Problem statement> Produce an exact copy of all the records.

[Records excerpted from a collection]
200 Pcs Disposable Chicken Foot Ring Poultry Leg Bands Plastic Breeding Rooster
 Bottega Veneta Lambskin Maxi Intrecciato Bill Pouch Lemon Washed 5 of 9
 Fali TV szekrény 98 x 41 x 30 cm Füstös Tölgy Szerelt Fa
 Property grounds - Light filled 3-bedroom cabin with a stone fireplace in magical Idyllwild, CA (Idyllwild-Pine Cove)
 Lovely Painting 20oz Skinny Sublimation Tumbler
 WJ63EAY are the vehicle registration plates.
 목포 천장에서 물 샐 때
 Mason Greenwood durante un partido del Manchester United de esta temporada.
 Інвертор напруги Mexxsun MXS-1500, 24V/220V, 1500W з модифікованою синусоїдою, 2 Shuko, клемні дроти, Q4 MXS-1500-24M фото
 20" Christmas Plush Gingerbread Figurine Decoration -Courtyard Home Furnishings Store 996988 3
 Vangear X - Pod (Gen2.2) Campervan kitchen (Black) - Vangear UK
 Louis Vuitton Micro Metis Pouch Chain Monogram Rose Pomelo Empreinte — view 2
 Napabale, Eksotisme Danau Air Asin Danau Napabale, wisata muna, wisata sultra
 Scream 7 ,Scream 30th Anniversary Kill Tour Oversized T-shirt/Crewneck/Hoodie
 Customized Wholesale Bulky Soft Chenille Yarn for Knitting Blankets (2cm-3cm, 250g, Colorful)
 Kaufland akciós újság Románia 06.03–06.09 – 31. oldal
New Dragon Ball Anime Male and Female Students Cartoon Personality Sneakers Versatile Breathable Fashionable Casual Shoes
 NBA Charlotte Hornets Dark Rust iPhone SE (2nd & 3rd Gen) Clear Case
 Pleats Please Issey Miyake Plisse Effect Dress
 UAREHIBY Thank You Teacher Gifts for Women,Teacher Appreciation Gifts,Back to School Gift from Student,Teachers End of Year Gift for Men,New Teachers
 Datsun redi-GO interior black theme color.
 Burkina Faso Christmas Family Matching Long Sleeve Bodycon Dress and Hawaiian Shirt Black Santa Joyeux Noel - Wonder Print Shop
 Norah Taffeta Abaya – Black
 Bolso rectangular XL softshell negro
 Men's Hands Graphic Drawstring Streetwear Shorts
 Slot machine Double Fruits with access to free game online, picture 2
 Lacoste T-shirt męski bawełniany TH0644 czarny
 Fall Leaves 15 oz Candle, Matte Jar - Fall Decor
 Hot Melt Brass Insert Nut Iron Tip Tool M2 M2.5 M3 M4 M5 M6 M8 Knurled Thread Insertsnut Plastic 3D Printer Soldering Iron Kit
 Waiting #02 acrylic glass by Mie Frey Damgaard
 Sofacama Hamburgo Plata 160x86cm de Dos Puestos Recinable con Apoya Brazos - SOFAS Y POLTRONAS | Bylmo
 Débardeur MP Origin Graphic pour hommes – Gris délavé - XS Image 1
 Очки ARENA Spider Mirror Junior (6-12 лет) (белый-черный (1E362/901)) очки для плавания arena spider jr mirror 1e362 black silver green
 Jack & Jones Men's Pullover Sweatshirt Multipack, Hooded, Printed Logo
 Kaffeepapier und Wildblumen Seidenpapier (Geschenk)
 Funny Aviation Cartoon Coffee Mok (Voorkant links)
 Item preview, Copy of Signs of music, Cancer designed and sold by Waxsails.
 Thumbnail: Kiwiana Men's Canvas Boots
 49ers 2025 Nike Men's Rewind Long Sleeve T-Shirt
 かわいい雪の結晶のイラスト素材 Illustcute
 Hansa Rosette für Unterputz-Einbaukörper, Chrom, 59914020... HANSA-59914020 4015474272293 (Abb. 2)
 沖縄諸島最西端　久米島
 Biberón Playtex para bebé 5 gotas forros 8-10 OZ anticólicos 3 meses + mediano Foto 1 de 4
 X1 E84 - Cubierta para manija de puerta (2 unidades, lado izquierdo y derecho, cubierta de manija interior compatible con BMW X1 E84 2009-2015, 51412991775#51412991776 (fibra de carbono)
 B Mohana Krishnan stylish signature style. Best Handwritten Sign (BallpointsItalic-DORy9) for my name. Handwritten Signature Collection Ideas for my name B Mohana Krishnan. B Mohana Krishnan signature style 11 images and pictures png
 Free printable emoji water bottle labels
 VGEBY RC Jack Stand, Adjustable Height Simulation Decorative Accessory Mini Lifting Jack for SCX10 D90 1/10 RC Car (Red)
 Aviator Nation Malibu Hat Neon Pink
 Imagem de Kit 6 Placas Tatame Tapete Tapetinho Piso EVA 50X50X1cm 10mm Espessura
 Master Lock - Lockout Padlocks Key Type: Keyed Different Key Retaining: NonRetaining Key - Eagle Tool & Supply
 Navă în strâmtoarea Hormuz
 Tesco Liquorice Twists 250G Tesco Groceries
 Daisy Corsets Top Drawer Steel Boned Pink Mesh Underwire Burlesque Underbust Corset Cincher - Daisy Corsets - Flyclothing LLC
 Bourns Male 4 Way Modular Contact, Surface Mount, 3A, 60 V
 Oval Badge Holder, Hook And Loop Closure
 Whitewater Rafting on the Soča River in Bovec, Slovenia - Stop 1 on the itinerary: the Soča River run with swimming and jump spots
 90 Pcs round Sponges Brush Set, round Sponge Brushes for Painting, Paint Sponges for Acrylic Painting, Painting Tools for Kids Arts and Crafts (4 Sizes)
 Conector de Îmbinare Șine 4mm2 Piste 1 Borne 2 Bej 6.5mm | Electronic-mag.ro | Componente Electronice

Result of the task>
200 Pcs Disposable Chicken Foot Ring Poultry Leg Bands Plastic Breeding Rooster
 Bottega Veneta Lambskin Maxi Intrecciato Bill Pouch Lemon Washed 5 of 9
 Fali TV szekrény 98 x 41 x 30 cm Füstös Tölgy Szerelt Fa
 Property grounds - Light filled 3-bedroom cabin with a stone fireplace in magical Idyllwild, CA (Idyllwild-Pine Cove)
 Lovely Painting 20oz Skinny Sublimation Tumbler
 WJ63EAY are the vehicle registration plates.
 목포 천장에서 물 샐 때
 Mason Greenwood durante un partido del Manchester United de esta temporada.
 Інвертор напруги Mexxsun MXS-1500, 24V/220V, 1500W з модифікованою синусоїдою, 2 Shuko, клемні дроти, Q4 MXS-1500-24M фото
 20" Christmas Plush Gingerbread Figurine Decoration -Courtyard Home Furnishings Store 996988 3
 Vangear X - Pod (Gen2.2) Campervan kitchen (Black) - Vangear UK
 Louis Vuitton Micro Metis Pouch Chain Monogram Rose Pomelo Empreinte — view 2
 Napabale, Eksotisme Danau Air Asin Danau Napabale, wisata muna, wisata sultra
 Scream 7 ,Scream 30th Anniversary Kill Tour Oversized T-shirt/Crewneck/Hoodie
 Customized Wholesale Bulky Soft Chenille Yarn for Knitting Blankets (2cm-3cm, 250g, Colorful)
 Kaufland akciós újság Románia 06.03–06.09 – 31. oldal
New Dragon Ball Anime Male and Female Students Cartoon Personality Sneakers Versatile Breathable Fashionable Casual Shoes
 NBA Charlotte Hornets Dark Rust iPhone SE (2nd & 3rd Gen) Clear Case
 Pleats Please Issey Miyake Plisse Effect Dress
 UAREHIBY Thank You Teacher Gifts for Women,Teacher Appreciation Gifts,Back to School Gift from Student,Teachers End of Year Gift for Men,New Teachers
 Datsun redi-GO interior black theme color.
 Burkina Faso Christmas Family Matching Long Sleeve Bodycon Dress and Hawaiian Shirt Black Santa Joyeux Noel - Wonder Print Shop
 Norah Taffeta Abaya – Black
 Bolso rectangular XL softshell negro
 Men's Hands Graphic Drawstring Streetwear Shorts
 Slot machine Double Fruits with access to free game online, picture 2
 Lacoste T-shirt męski bawełniany TH0644 czarny
 Fall Leaves 15 oz Candle, Matte Jar - Fall Decor
 Hot Melt Brass Insert Nut Iron Tip Tool M2 M2.5 M3 M4 M5 M6 M8 Knurled Thread Insertsnut Plastic 3D Printer Soldering Iron Kit
 Waiting #02 acrylic glass by Mie Frey Damgaard
 Sofacama Hamburgo Plata 160x86cm de Dos Puestos Recinable con Apoya Brazos - SOFAS Y POLTRONAS | Bylmo
 Débardeur MP Origin Graphic pour hommes – Gris délavé - XS Image 1
 Очки ARENA Spider Mirror Junior (6-12 лет) (белый-черный (1E362/901)) очки для плавания arena spider jr mirror 1e362 black silver green
 Jack & Jones Men's Pullover Sweatshirt Multipack, Hooded, Printed Logo
 Kaffeepapier und Wildblumen Seidenpapier (Geschenk)
 Funny Aviation Cartoon Coffee Mok (Voorkant links)
 Item preview, Copy of Signs of music, Cancer designed and sold by Waxsails.
 Thumbnail: Kiwiana Men's Canvas Boots
 49ers 2025 Nike Men's Rewind Long Sleeve T-Shirt
 かわいい雪の結晶のイラスト素材 Illustcute
 Hansa Rosette für Unterputz-Einbaukörper, Chrom, 59914020... HANSA-59914020 4015474272293 (Abb. 2)
 沖縄諸島最西端　久米島
 Biberón Playtex para bebé 5 gotas forros 8-10 OZ anticólicos 3 meses + mediano Foto 1 de 4
 X1 E84 - Cubierta para manija de puerta (2 unidades, lado izquierdo y derecho, cubierta de manija interior compatible con BMW X1 E84 2009-2015, 51412991775#51412991776 (fibra de carbono)
 B Mohana Krishnan stylish signature style. Best Handwritten Sign (BallpointsItalic-DORy9) for my name. Handwritten Signature Collection Ideas for my name B Mohana Krishnan. B Mohana Krishnan signature style 11 images and pictures png
 Free printable emoji water bottle labels
 VGEBY RC Jack Stand, Adjustable Height Simulation Decorative Accessory Mini Lifting Jack for SCX10 D90 1/10 RC Car (Red)
 Aviator Nation Malibu Hat Neon Pink
 Imagem de Kit 6 Placas Tatame Tapete Tapetinho Piso EVA 50X50X1cm 10mm Espessura
 Master Lock - Lockout Padlocks Key Type: Keyed Different Key Retaining: NonRetaining Key - Eagle Tool & Supply
 Navă în strâmtoarea Hormuz
 Tesco Liquorice Twists 250G Tesco Groceries
 Daisy Corsets Top Drawer Steel Boned Pink Mesh Underwire Burlesque Underbust Corset Cincher - Daisy Corsets - Flyclothing LLC
 Bourns Male 4 Way Modular Contact, Surface Mount, 3A, 60 V
 Oval Badge Holder, Hook And Loop Closure
 Whitewater Rafting on the Soča River in Bovec, Slovenia - Stop 1 on the itinerary: the Soča River run with swimming and jump spots
 90 Pcs round Sponges Brush Set, round Sponge Brushes for Painting, Paint Sponges for Acrylic Painting, Painting Tools for Kids Arts and Crafts (4 Sizes)
 Conector de Îmbinare Șine 4mm2 Piste 1 Borne 2 Bej 6.5mm | Electronic-mag.ro | Componente Electronice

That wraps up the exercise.